Spaceman: An Astronaut's Unlikely Journey to Unlock the Secrets of the Universe
Mike Massimino
Have you ever wondered what it would be like to find yourself strapped to a giant rocket that’s about to go from zero to 17,500 miles per hour? Or to look back on the earth from outer space and see the surprisingly precise line between day and night? Or to stand in front of the Hubble telescope, wondering if the emergency repair you’re about to make will inadvertently ruin humankind’s chance to unlock the universe’s secrets? Mike Massimino has been there, and in Spaceman he puts you inside the suit, with all the zip and buoyancy of life in microgravity.
Massimino’s childhood space dreams were born the day Neil Armstrong set foot on the moon, but his journey to realizing those dreams was as unlikely as it is captivating. Growing up in a working-class Long Island family, Massimino catapulted himself to Columbia and then MIT, only to flunk his qualifying exams and be rejected twice by NASA before making it to the final round of astronaut selection—where he was told his poor eyesight meant he’d never make the cut. But even that couldn’t stop him from finally earning his wings, making the jump to training in T-38 Air Force jets and preparing his body—and soul—for the journey to the cosmos.

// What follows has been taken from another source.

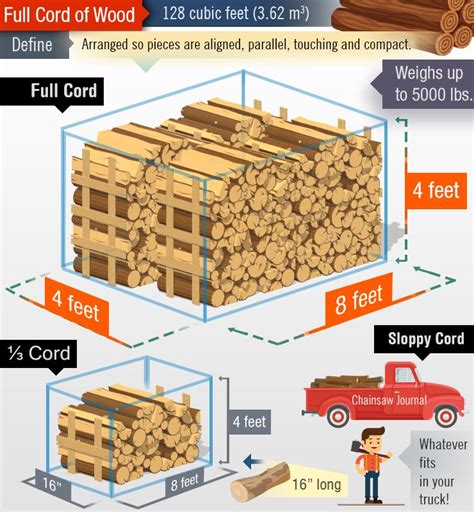 2020 : How Much is a Cord of Wood? — & More Firewood Facts | Wood ...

Taking us through the surreal wonder and beauty of his first spacewalk, the tragedy of losing friends in the Columbia shuttle accident, and the development of his enduring love for the Hubble telescope—which he’d be tasked with saving on his final mission— Massimino has written an ode to never giving up and the power of teamwork to make anything possible. Spaceman invites us into a rare, wonderful world where the nerdiest science meets the most thrilling adventure, and pulls back a curtain on just what having “the right stuff” really means.